Painting size: 60 x 40 inch
Media: Robotic acrylic on canvas with screen animation
I collaborated with a painting robot that I trained to work in my style. We built a 60 × 40 inch canvas of turbulent color and gesture, then I projection-mapped four looping animations onto it with Millumin. Each loop performs a symptom of anxiety: head knocking, echoing speech, throbbing pain, eyes held wide. Layering robotic mark-making with moving light turns the painting into a living surface where thought and body glitch together. I used Millumin’s color filters and a recursion layer to feed the live image of the canvas back onto itself, creating an unstable blur that feels both hypnotic and uneasy. Treating light as another brushstroke, I explore how automation and anxiety share a language of repetition, control, and loss of control.
Size: Self-made lightbox size: 60 x 50 x 25 cm
Media: Copic on 4-sided thermoplastic lightbox + Arduino
I built a four-sided lightbox to animate a portrait using only light and reflection, no screen projection. On plexiglass panels I drew four life stages of one figure, from baby to elder, and mounted them around a central cavity. I programmed an Arduino to sequence LEDs so reflections slide across the surfaces, making each age appear, overlap, and dissolve into the next. The color is not fixed pigment so much as moving light, which means the portrait exists through change. The piece turns aging into a visible rhythm, a life flickering between surfaces, never still or whole. Code, drawing, and illumination merge to treat identity as an afterimage that keeps reforming like memory replaying itself.
Wood panel size: 35.5 x 46 cm
Media: Mixed media on wood panel with screen projection
This piece explores Obsessive Compulsive Disorder (OCD) by creating a visual metaphor for an intrusive thought loop. Using Millumin software and a live camera, I projected my drawing back onto the physical artwork, creating an infinite feedback loop.

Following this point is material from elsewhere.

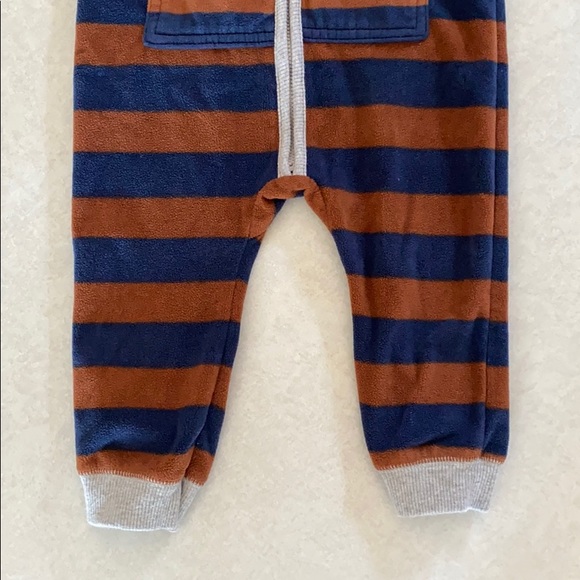 Bundle of 2 Little Boys Hooded One-pieces - Picture 8 of 8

As the video continually re-records its own projection, the image feeds on itself and distorts, just as an intrusive thought can replay until it becomes noise. The smiley-face lenses flicker between cheerful and uneasy, showing how a simple thought can twist and return as an anxious one. By layering digital light onto the mixed-media surface, the piece pulses between the real and the unreal, mirroring how OCD can hijack attention. This process externalizes an internal experience, allowing me to witness the mechanics of obsessive thinking as a tangible loop of light and image.